-- DATA TO EXAMINE follows --
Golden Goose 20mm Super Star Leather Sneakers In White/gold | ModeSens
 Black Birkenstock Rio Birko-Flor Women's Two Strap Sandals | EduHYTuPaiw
-- DATA TO EXAMINE concluded --
-- DATA TO EXAMINE follows --
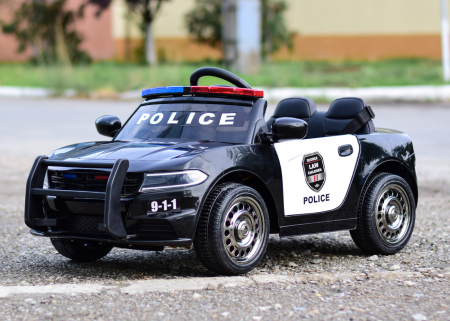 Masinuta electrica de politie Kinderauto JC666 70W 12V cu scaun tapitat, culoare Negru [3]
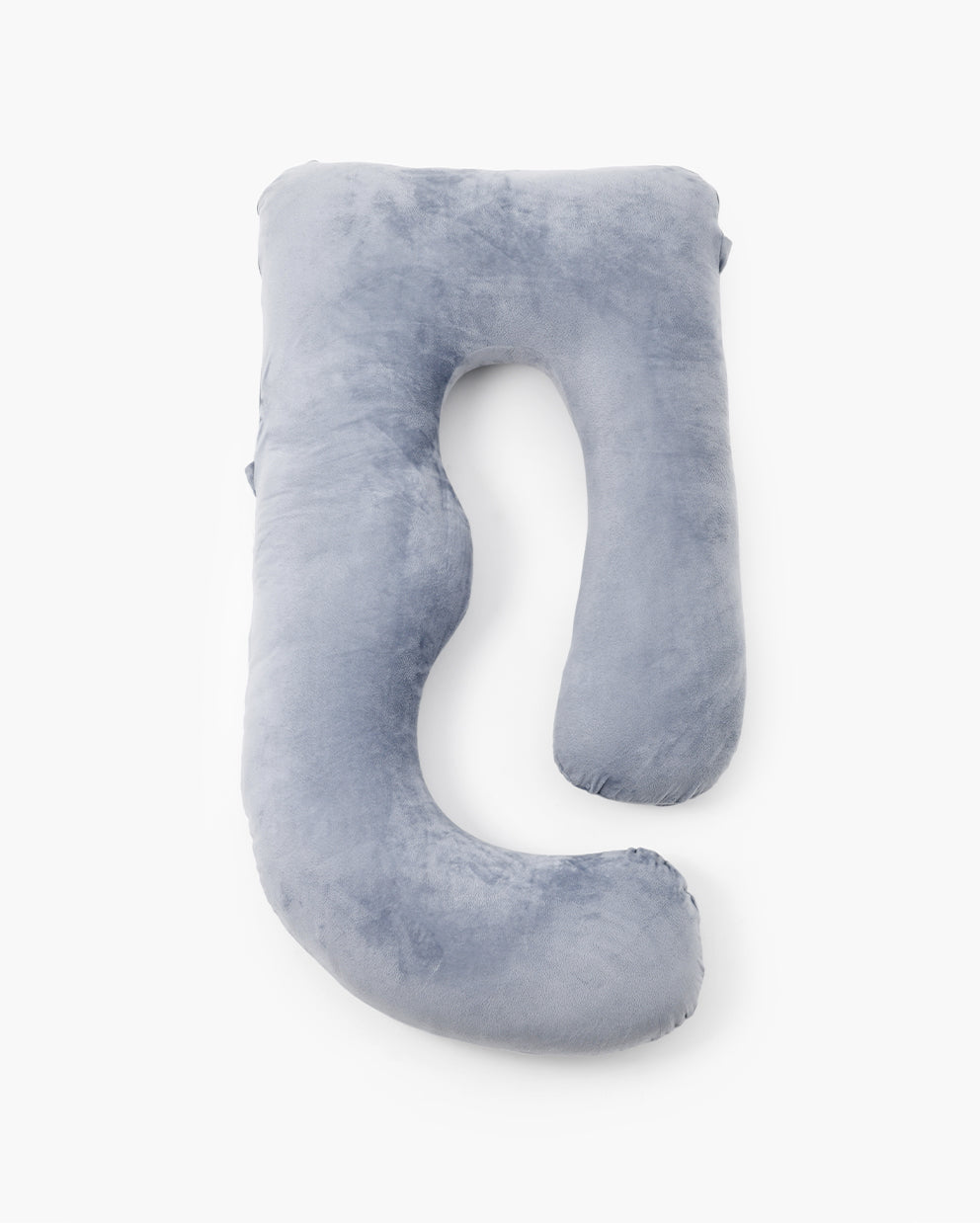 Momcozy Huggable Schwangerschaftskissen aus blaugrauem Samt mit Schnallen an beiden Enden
-- DATA TO EXAMINE concluded --
▸ **EXERCISE INSTRUCTIONS**
From the records above, copy only the lines running from the line holding "Masinuta electrica de" through the line holding "Momcozy Huggable Schwangerschaftskissen", with no pictures.

▸ **RESPONSE BOX**
 Masinuta electrica de politie Kinderauto JC666 70W 12V cu scaun tapitat, culoare Negru [3]
 Momcozy Huggable Schwangerschaftskissen aus blaugrauem Samt mit Schnallen an beiden Enden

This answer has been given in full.